Writer/Director: David Isaac &Peter Slater
Reviewer: Jo Beggs
We’re welcomed to the show by Randolph Tempest, just one of the characters that local actor and comedian Peter Slater slips into tonight. Like a low-rent Alfred Hitchcock he ‘presents’ an evening of spooky tales, delivered by the ‘remaining four members of the cast, the rest of whom mysteriously disappeared’ – cue a joke about actors not getting paid.
Slater’s character comedy is generally a lot of fun. But it’s usually delivered in bite-sized sketches, slotted into comedy nights and showcases. He’s been a stalwart of the local comedy scene for years and he’s delivered plenty of laughs, but turning this into a ninety minute sketch show (plus a pointless twenty minute interval) just kills it dead.

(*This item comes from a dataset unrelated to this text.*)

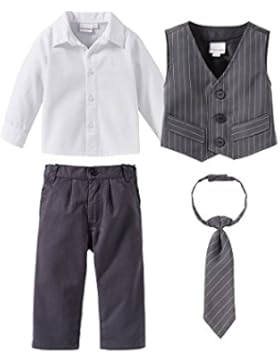 BORNINO FESTLICHE MODE 4-tlg. Set Anzug mit Weste, Hemd, Hose und Krawatte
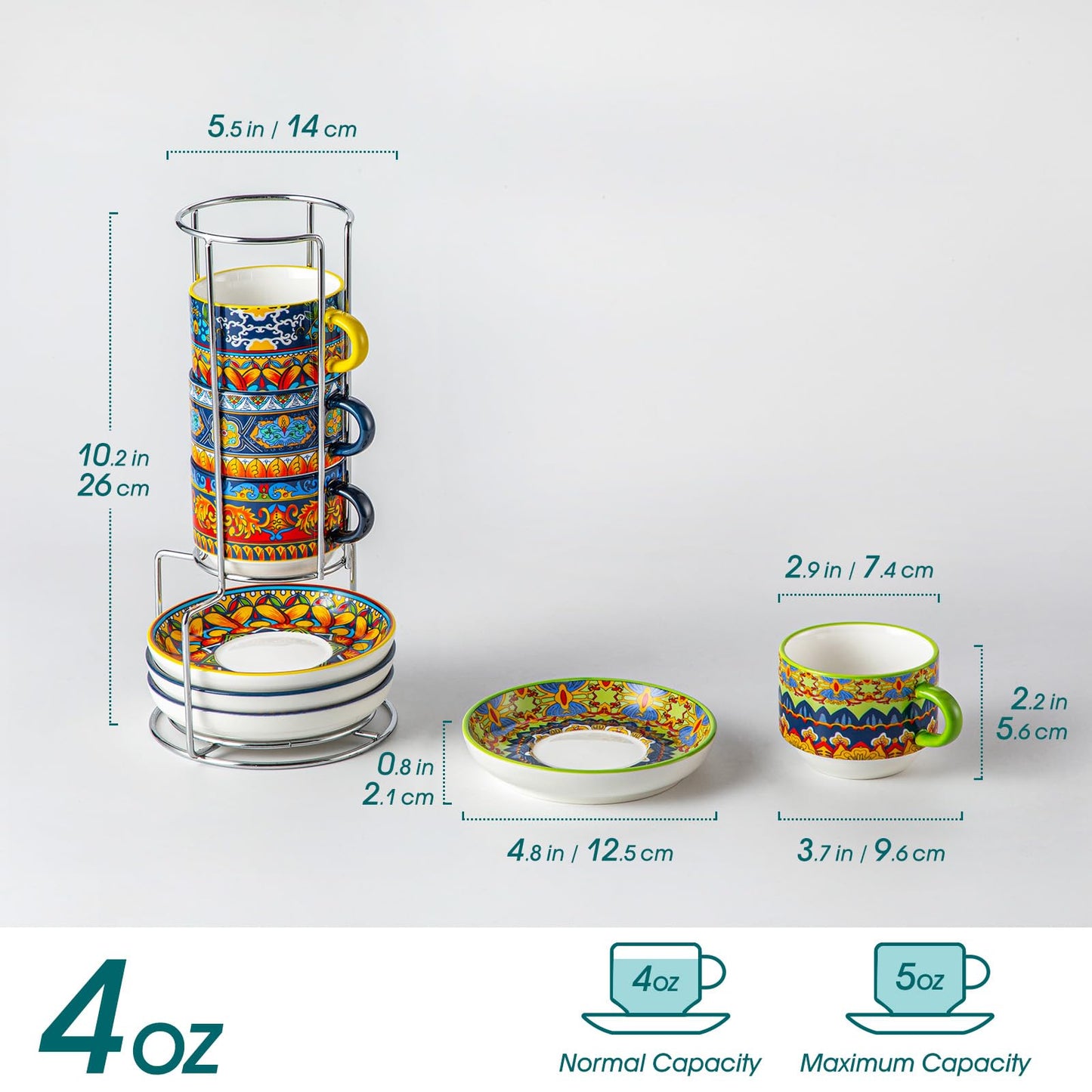 vancasso 4 Oz Bohemian Espresso Cups Set of 4 with Stand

Horror themed – and almost hitting Halloween – The House That Stank Of Death is a series of sketches and short films, all with a Tales Of The Unexpected-like twist. From a young couple meeting a monster in the woods to a night security guard in an art gallery imagining the paintings come alive – classic spooky stories get re-made with a touch of bizarre comedy. Perhaps too derivative of The League of Gentlemen, a grotesque shop-keeper with a disturbing secret lures a young woman into his shop. There’s a haunted asylum where a detective and a psychiatrist try to communicate with a crazed, silent girl. In probably the most successful sketch, at least until its predictable pay-off, a BBC copyright inspector checks into a Fawlty Towers/Horror themed hotel.
There are some nice performances. Rosina Carbone has an affable comic style and there are certainly moments when Slater delivers his usual high quality clowning. Stephen Cain and Lee Fenwick don’t have a huge amount to work with in most of the sketches (although Cain wears a bad wig and a monster suit with some style) but as an ensemble they work reasonably well. Some of the most successful moments are throw-away one-liners typical of Slater’s absurd and original turn of phrase.
Poor direction means that the sketches are nowhere near pacey enough, and more technical rehearsal might have made the whole thing look a bit slicker. There’s long, clumsy blackouts between scenes within sketches making it difficult to judge when they end. A lack of good punch-lines when they do doesn’t help.
The films too need tighter production. Parodies of movie trailers show some promise in their content but are ineptly executed. The most successful is a short spoof documentary on a mythical pyramid beneath the Shard, in which a straight-faced investigator puts the wind up the security and hotel staff, asking absurd questions with delightful fake sincerity.
The House That Stank Of Death feels like a work in progress, not nearly audience-ready enough. It seriously – and disappointingly given its pedigree – fails to hit the mark all round.